Human pose estimation 

When we develop an AI system, our goal is often to make it capable of either reproducing a task with the same accuracy as a human or assisting a human in the realization of a complex task. In both scenarios, we hope to build a system with some common sense. By common sense, we mean reasoning about its task and, more generally, the world or the environment if the AI is embedded in a robot. Yet, the world as we know it is mostly designed by humans, for humans. Therefore, to evolve common sense in this human world, an AI must understand how humans interact with the world. Robots should also be able to reproduce some human actions to interact with their environment. This necessity leads us to the problems of estimating both the posture of the humans present in a visual scene (human pose estimation) and their motion (human pose tracking).
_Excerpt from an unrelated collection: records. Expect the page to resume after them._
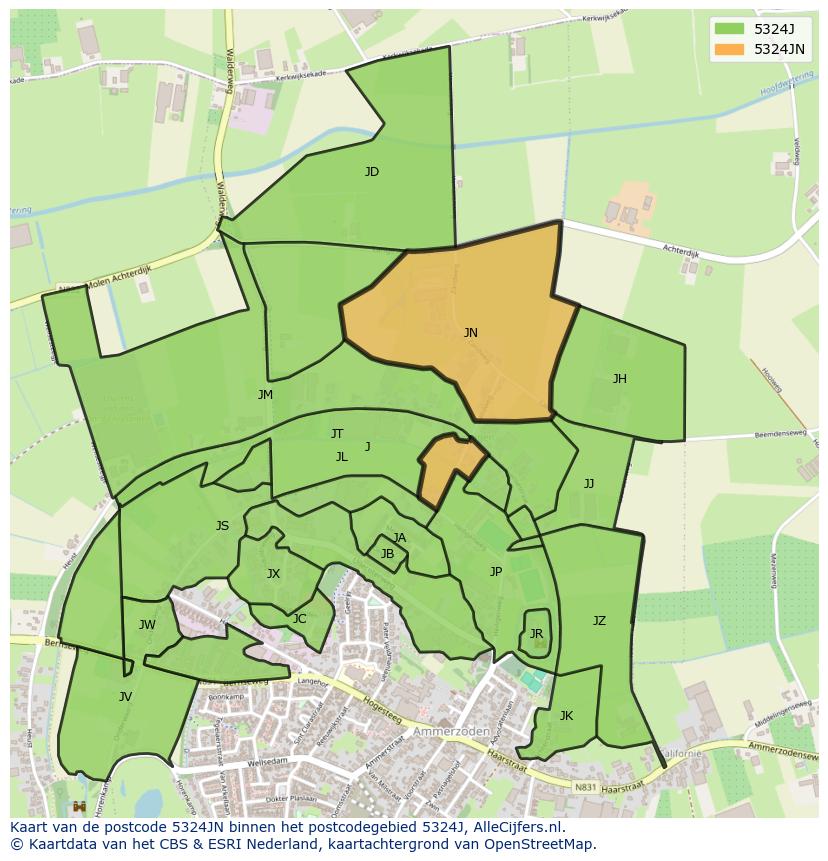 Afbeelding van het postcodegebied 5324 JN op de kaart.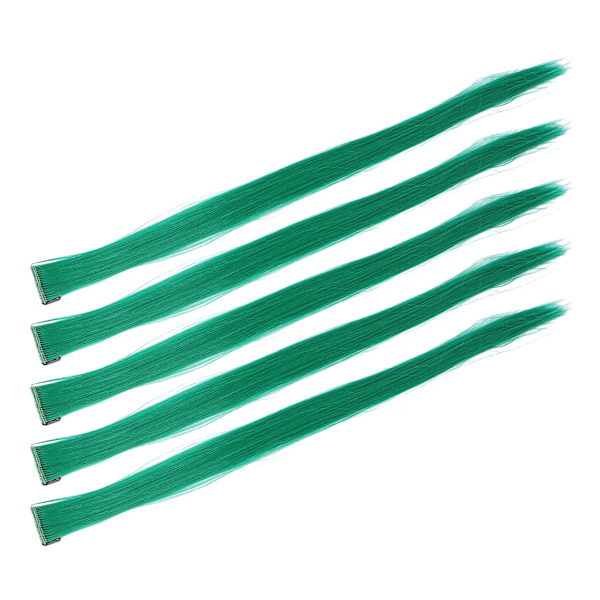5 stk rett hårstykke klips lys farge 21,65 tommer hårforlengelse hårpynt for Cosplay PartyGreen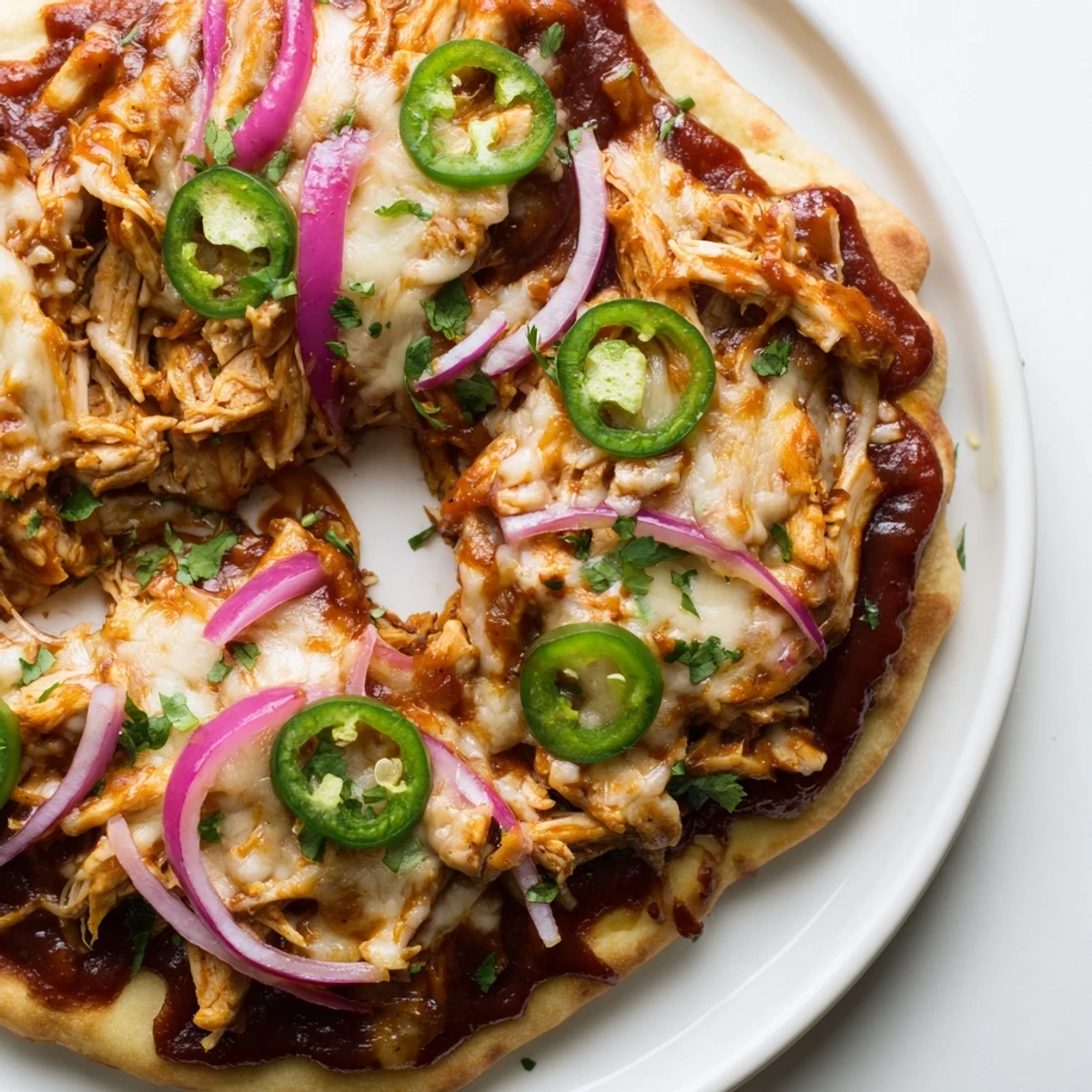 Slice of savory BBQ Chicken Flatbread on a white plate, served with a chilled lager for a perfect weeknight dinner.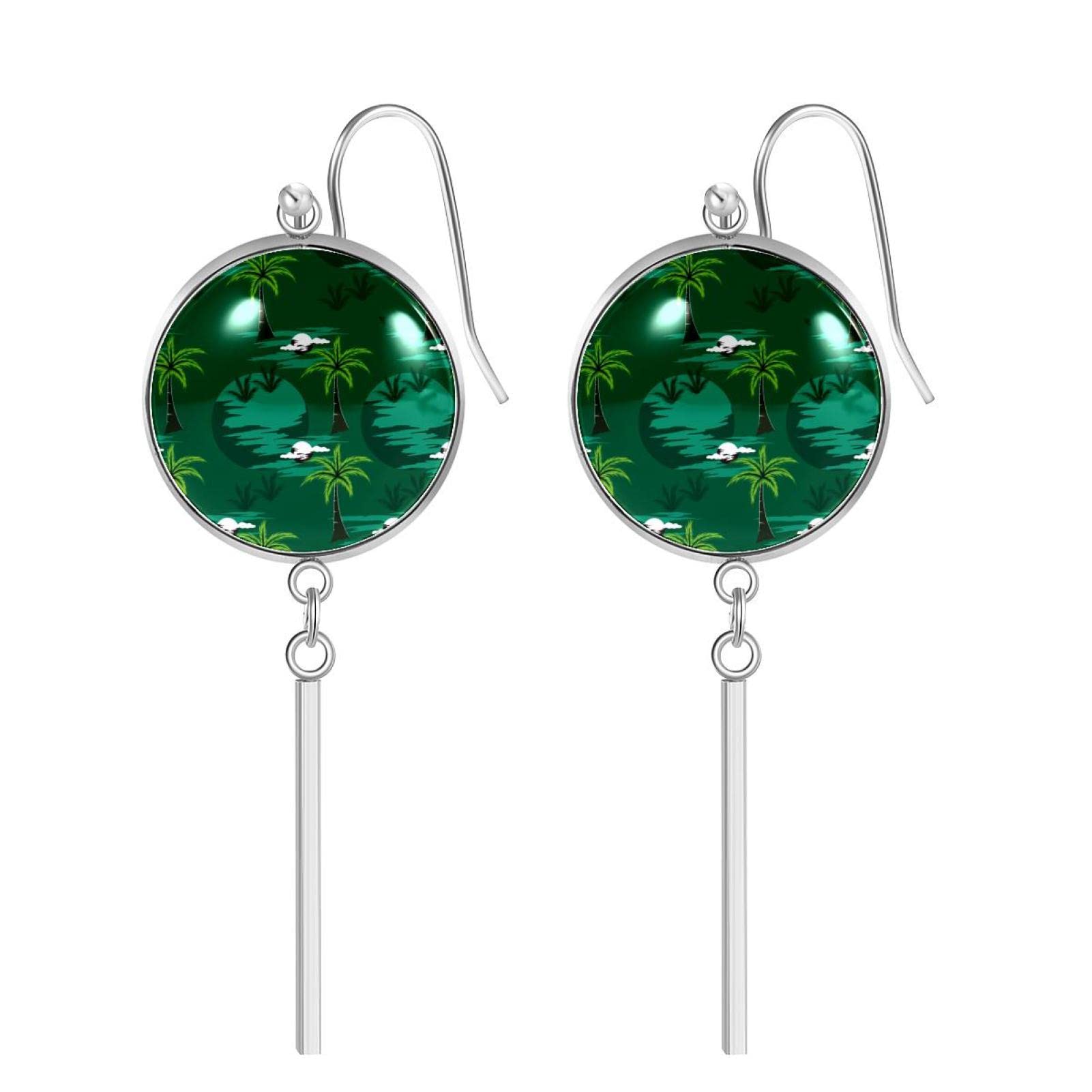 Stainless Steel Dangle Hook Drop Earrings - Palm Tree Green Color for Women | Tropical Beach Vacation Jewelry, Summer Party Accessories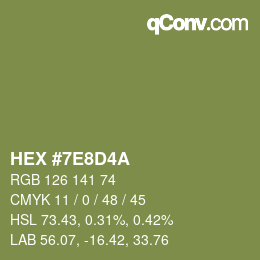 Color code: HEX #7E8D4A | qconv.com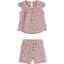 Sterntaler Set camicia con pantaloni a fiori in velluto rosa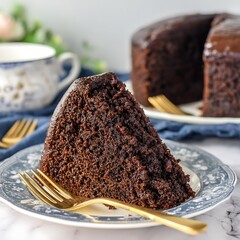 Delicious slice of chocolate cake with glossy ganache served on plate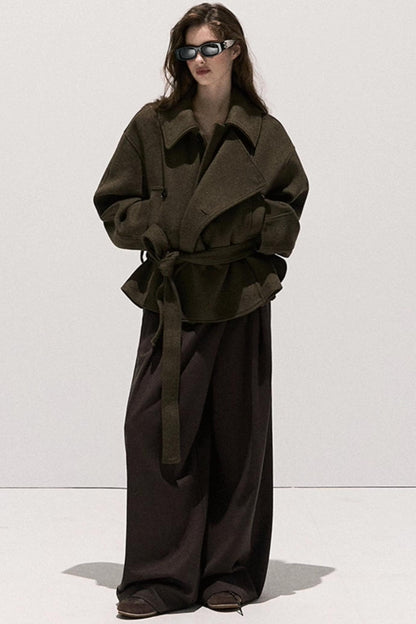 Tencel Wool Pleats Wide-Leg Pants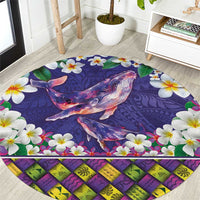 Hawaiian Plumeria and Humpback Whales Round Carpet Polynerian Art Tattoo-Navy Color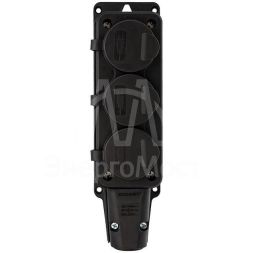 Розетка штепсельная трехместная влагозащ. с/з 16А IP54 каучук Rexant 111-113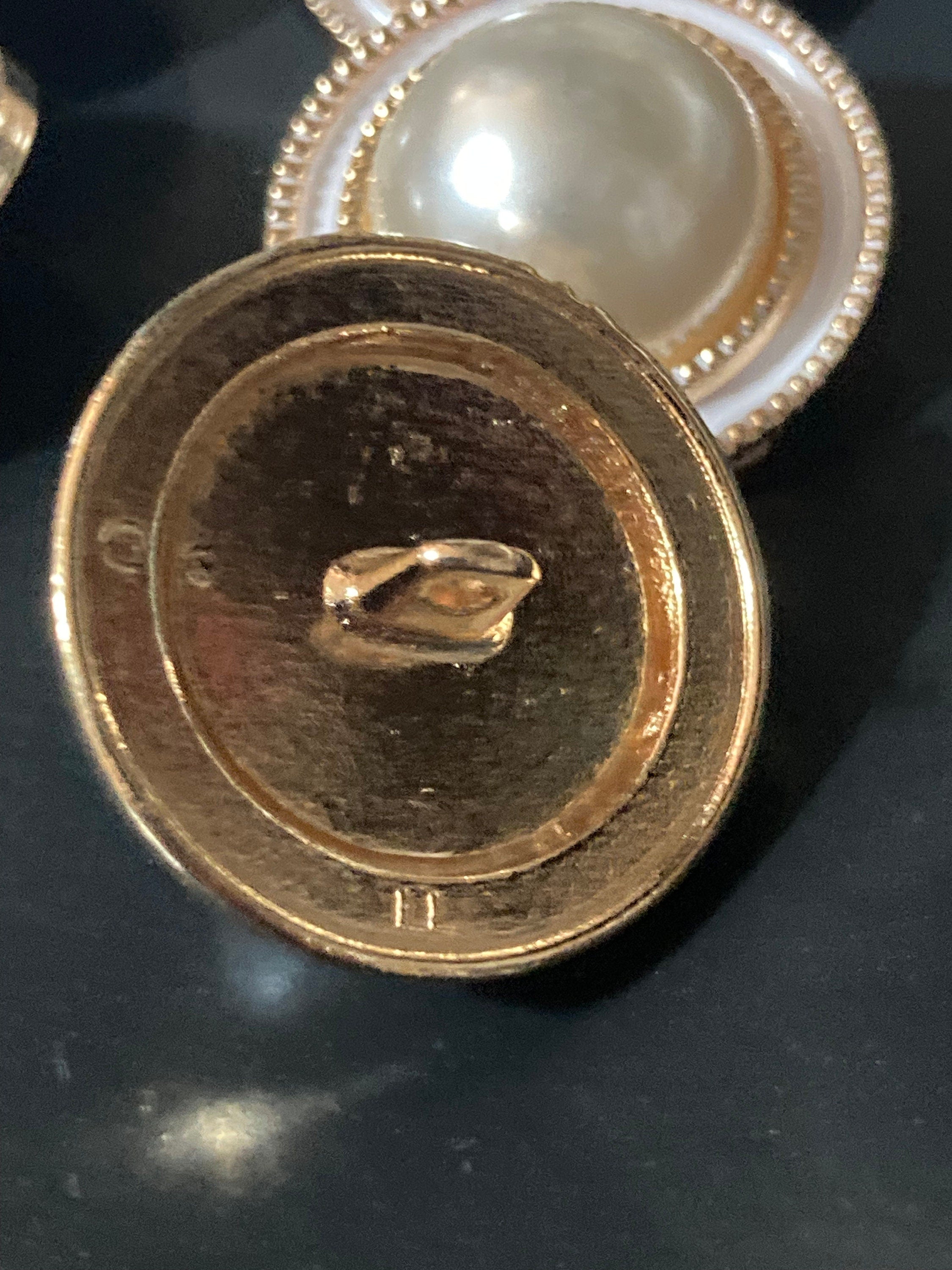 25mm white enamel faux Pearl Buttons , 5 pieces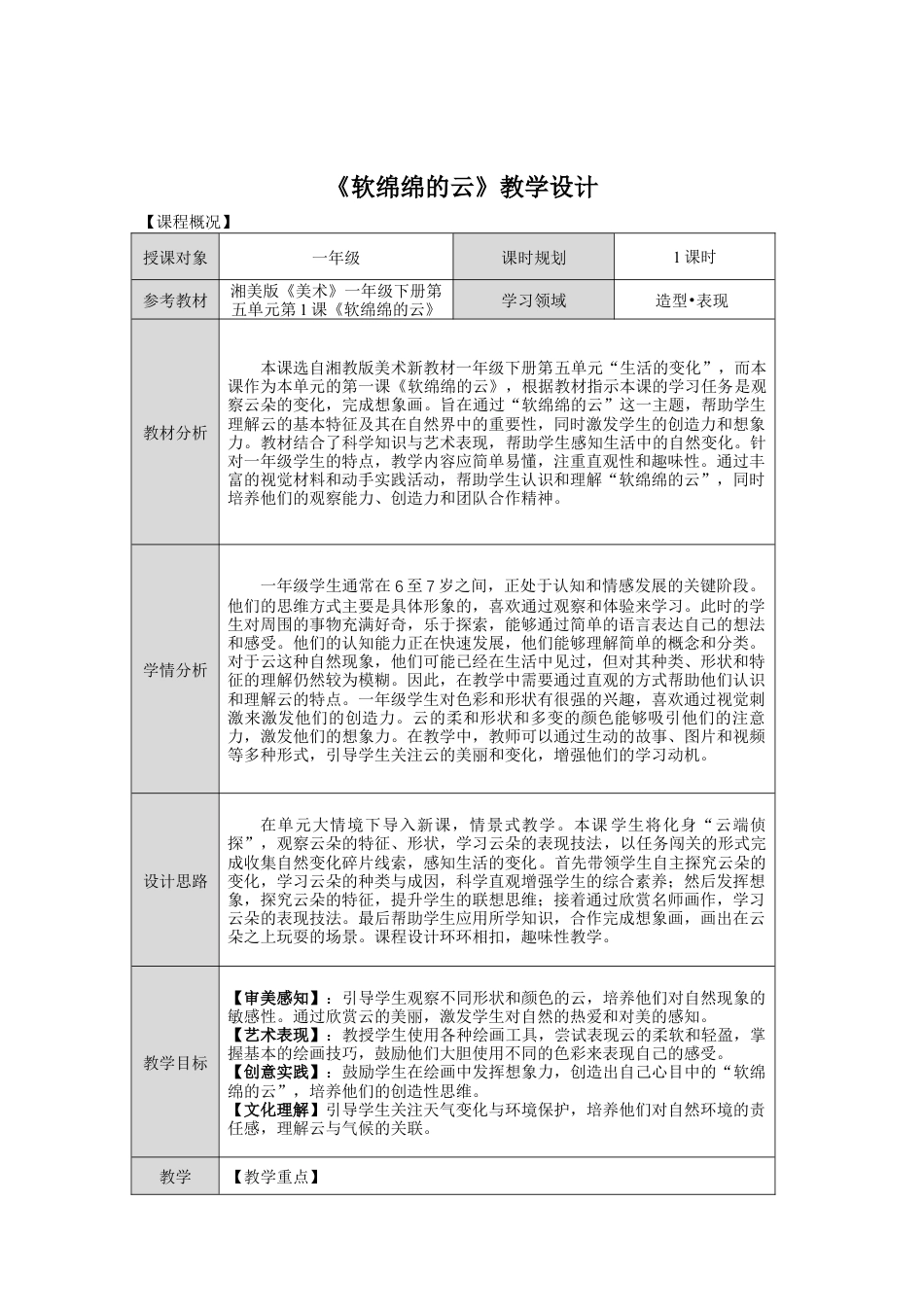 湘美版小学美术一年级下册第五单元第1课《软绵绵的云》教学设计.doc_第1页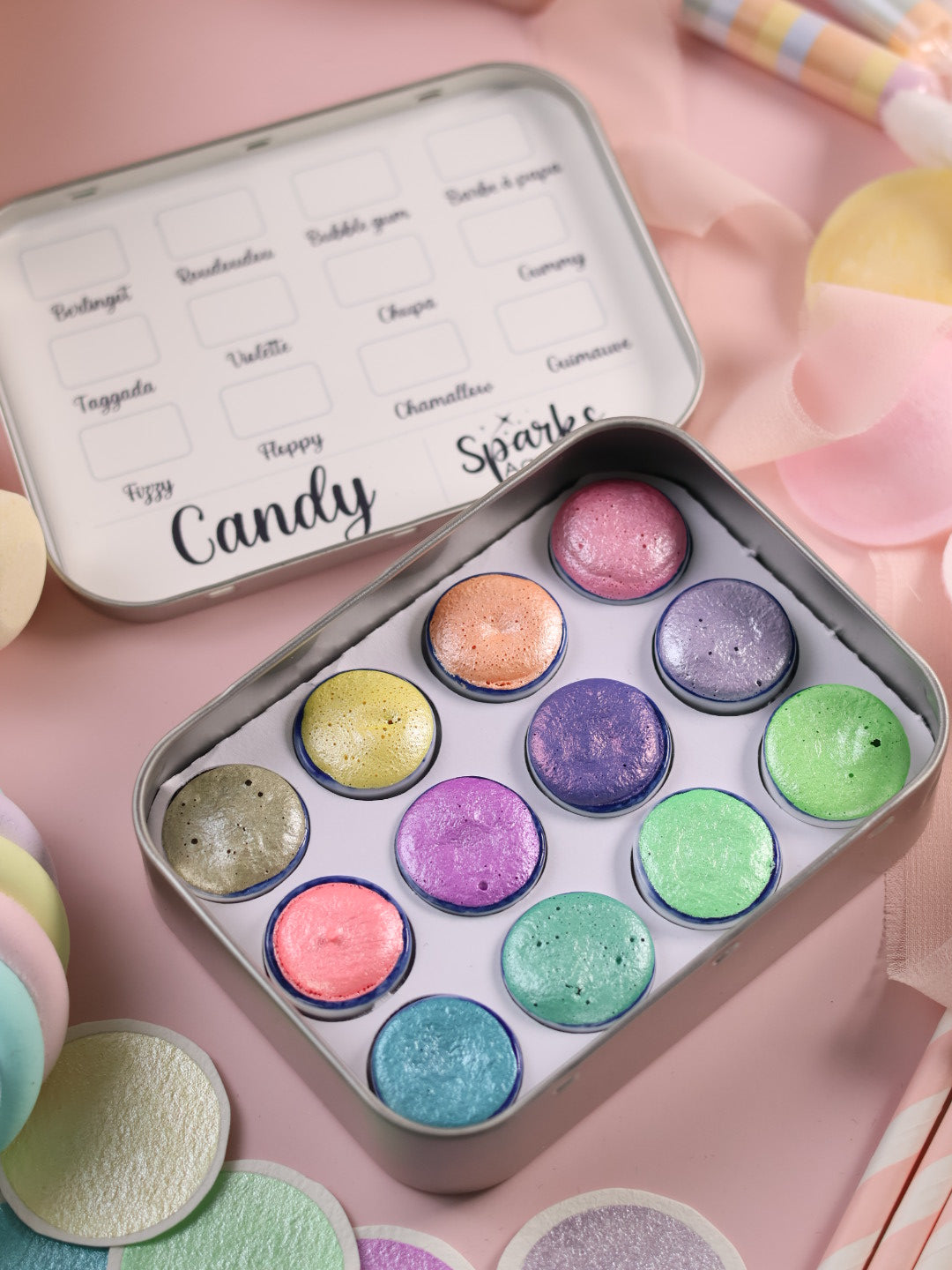 Candy | 12 metallische Pastell-Aquarellfarben | Handgefertigte Aquarellpalette | Intensives und brillantes Set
Human pose estimation is a long-lasting computer vision problem that gained a lot of attention in the last decade. Indeed, solving this problem would have many important applications: in health (e.g., detection of people falling), “remote free” interaction in domotics, gaming, sports analytics, security, sport and dance AI assistants, etc. In fact, each application of AI to a domain involving human activity can generate multiple use cases requiring human pose estimation and/or tracking.

Yoga Demonstration

When developing our human pose module, we really wanted to test it on an interesting use case, and we finally chose yoga. This application is particularly exciting because it is directly linked to upcoming health applications, such as sport AI assistants. Moreover, yoga is a sport involving all body joints and limbs in a large diversity of poses. This is a perfectly challenging use case that obliges us to respect constraints that we might have otherwise ignored: the need to estimate a 3D skeleton in real-world units (meters) that is temporally stable (to have a physically plausible movement). Working on this first application is also an excellent way to identify recurring sources of error and make our system more robust. Now that we have presented the use case, let us introduce the features of our new module.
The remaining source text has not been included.